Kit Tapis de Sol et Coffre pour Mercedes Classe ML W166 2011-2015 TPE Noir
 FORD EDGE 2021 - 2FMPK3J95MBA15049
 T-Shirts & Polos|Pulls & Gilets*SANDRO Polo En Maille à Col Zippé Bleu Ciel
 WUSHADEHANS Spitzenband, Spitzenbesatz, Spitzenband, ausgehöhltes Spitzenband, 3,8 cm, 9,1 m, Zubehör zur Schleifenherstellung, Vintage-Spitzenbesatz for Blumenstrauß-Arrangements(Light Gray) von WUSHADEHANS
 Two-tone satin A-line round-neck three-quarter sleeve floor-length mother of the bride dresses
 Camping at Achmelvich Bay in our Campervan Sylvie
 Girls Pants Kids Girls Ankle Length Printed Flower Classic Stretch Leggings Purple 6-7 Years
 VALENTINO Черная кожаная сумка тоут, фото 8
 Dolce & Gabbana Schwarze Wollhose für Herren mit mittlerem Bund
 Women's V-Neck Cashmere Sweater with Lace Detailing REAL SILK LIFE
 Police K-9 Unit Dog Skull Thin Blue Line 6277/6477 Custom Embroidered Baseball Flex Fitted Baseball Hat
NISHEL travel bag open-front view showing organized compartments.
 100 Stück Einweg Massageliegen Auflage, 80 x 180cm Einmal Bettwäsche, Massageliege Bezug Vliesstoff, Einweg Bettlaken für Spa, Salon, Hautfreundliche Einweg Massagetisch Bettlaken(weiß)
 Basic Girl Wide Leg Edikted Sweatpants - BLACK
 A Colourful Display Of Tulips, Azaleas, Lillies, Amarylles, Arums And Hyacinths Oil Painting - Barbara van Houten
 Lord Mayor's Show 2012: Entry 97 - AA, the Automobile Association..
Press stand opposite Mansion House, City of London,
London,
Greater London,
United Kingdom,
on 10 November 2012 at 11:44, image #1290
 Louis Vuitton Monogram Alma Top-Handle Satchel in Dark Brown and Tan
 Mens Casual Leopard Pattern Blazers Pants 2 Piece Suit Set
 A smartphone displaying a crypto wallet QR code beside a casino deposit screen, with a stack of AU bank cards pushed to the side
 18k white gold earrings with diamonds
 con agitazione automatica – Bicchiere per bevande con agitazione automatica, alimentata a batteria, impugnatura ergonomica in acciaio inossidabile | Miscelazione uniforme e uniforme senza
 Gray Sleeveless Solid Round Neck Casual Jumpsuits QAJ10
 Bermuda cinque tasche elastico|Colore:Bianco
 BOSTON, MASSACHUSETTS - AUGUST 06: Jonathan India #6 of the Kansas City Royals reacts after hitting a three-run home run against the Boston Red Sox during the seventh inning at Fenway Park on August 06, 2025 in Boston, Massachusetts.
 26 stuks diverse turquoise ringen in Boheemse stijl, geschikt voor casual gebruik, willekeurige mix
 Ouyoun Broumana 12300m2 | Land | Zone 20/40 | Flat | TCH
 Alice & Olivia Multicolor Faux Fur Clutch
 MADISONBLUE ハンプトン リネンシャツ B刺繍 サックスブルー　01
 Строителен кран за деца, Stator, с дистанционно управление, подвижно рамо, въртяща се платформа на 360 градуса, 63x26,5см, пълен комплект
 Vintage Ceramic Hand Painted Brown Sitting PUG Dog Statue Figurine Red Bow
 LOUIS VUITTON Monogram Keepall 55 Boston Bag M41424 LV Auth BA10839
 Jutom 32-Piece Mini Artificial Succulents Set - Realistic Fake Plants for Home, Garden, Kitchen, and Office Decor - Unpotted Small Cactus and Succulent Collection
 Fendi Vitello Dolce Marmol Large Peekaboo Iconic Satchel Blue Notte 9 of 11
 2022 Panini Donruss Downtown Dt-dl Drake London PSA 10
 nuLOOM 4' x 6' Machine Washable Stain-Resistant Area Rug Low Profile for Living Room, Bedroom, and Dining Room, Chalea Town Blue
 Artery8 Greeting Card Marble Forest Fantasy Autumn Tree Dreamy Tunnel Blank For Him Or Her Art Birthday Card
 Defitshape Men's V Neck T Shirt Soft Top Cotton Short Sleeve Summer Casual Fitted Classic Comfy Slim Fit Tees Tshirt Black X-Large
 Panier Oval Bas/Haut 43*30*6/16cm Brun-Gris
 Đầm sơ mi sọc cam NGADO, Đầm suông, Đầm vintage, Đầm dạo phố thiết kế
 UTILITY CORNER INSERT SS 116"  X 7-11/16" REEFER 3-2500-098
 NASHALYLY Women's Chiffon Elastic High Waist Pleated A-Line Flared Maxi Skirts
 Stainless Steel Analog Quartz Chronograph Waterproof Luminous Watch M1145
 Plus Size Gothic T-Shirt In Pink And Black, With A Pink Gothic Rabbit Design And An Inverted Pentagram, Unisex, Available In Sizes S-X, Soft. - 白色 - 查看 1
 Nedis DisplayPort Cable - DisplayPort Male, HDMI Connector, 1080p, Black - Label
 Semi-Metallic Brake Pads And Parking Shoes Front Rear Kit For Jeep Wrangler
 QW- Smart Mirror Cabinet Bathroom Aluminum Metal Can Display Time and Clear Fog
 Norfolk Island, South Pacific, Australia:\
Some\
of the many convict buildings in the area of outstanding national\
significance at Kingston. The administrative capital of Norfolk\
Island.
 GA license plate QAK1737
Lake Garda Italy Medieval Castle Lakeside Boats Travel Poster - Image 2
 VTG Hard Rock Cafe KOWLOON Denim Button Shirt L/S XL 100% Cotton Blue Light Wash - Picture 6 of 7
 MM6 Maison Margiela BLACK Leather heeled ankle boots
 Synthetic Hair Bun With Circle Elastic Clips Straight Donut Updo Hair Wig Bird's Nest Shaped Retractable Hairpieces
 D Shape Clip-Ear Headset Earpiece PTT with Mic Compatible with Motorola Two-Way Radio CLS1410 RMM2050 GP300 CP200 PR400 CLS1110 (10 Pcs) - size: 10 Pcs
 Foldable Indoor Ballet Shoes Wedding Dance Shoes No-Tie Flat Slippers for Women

--- WHAT YOU WILL DO ---
Select all lines in the listing that include the word "Flat".

--- REPLY ---
 Ouyoun Broumana 12300m2 | Land | Zone 20/40 | Flat | TCH
 Foldable Indoor Ballet Shoes Wedding Dance Shoes No-Tie Flat Slippers for Women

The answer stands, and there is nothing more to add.